Within days after the EMP, the townspeople begin to organize. Several high muckety-mucks such as the mayor, the chief of police, a physician and the professor get together and start having closed door meetings. Even the first day, there is talk of 'the authorities' (now defined as these few) commandeering resources such as the few vehicles that still run and food supplies ...for the good of the whole community, right?
The professor happens to be driving his mother-in-law's old Edsel which, of course, is among the vehicles that is still functional after the EMP. He immediately objects on his own behalf, making it clear that he will not willingly part with the keys to his own transportation. The committee reluctantly agrees to let him keep it. Special privilege? Some more equal than others?
Ration cards for food are implemented. After a bit of discussion, it's decided that no one will be forced to participate in the ration program. The implication was that there were some whacky 'survivalist types' on the outskirts of town who the committee felt might be difficult to bring into the fold. But they decided that any who did choose to participate would have to agree to a search of their property and confiscation of any food stores found there ...for the communal coffer, of course. Redistribution of goods?

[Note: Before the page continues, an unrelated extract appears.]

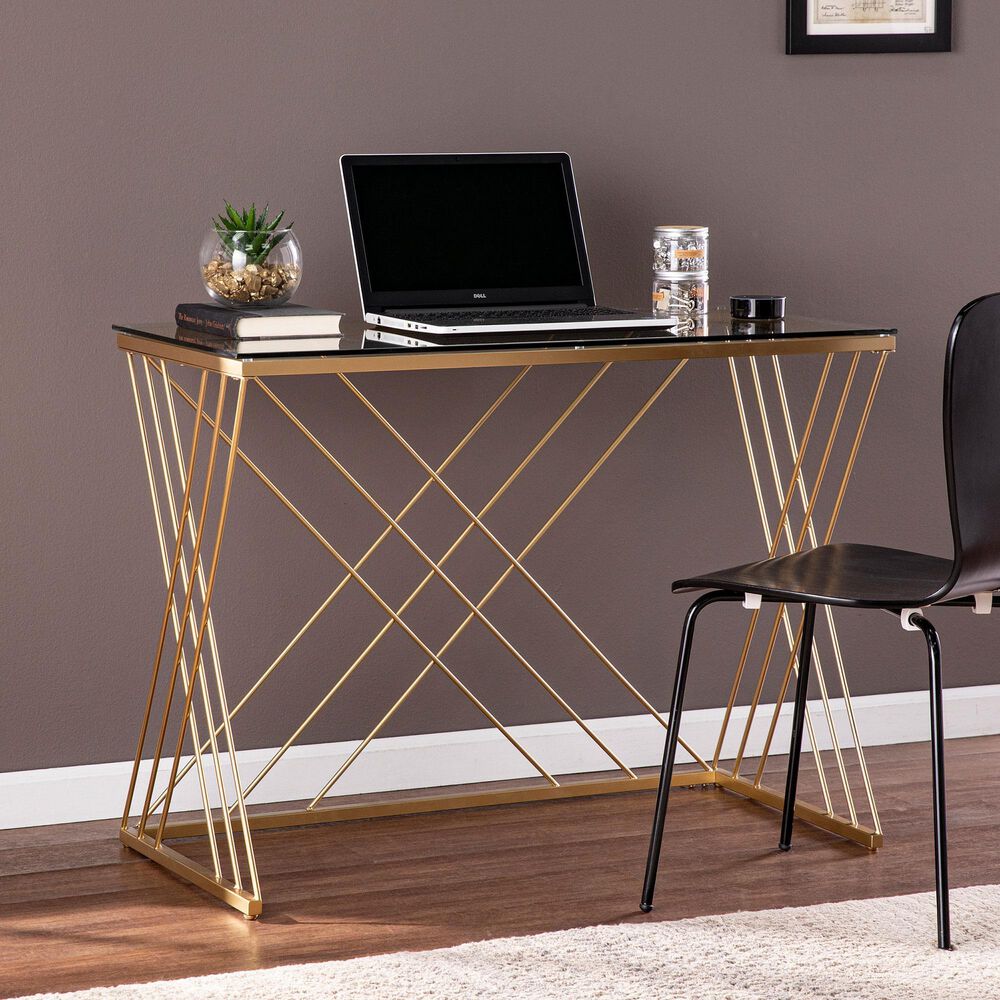 Southern Enterprises Dezby Desk in Gold, , large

The book chronicles the town's struggles over the a period of about a year. The story ends with the (new) military coming to the town, bringing food and medical supplies and the promise that more help is coming. In comparing notes with the military officer in charge, the professor learns that his little town has fared far better than some areas of the country. And, you guessed it, this is attributed to the 'organization' and 'decisive leadership' of the professor and his committee mates. New nanny gov steps in to save the world (township) when big nanny gov goes away?
Does anyone else have a problem with this? We are currently fighting an overgrown, self-righteous government that believes we are incapable of taking care of ourselves and seeks to take over every aspect of our lives. If the proverbial sh*t ever does hit the fan, we will be facing a lot of the scenarios portrayed in the book. But if we get to that point, I will not be looking for a new master to rule my destiny. I will take care of me and mine. Alliances may be formed but they will be mutually desired and mutually beneficial ...or they will not happen. In my opinion, it is foolish to trade a big dragon for a little dragon ...because little dragons will only grow over time.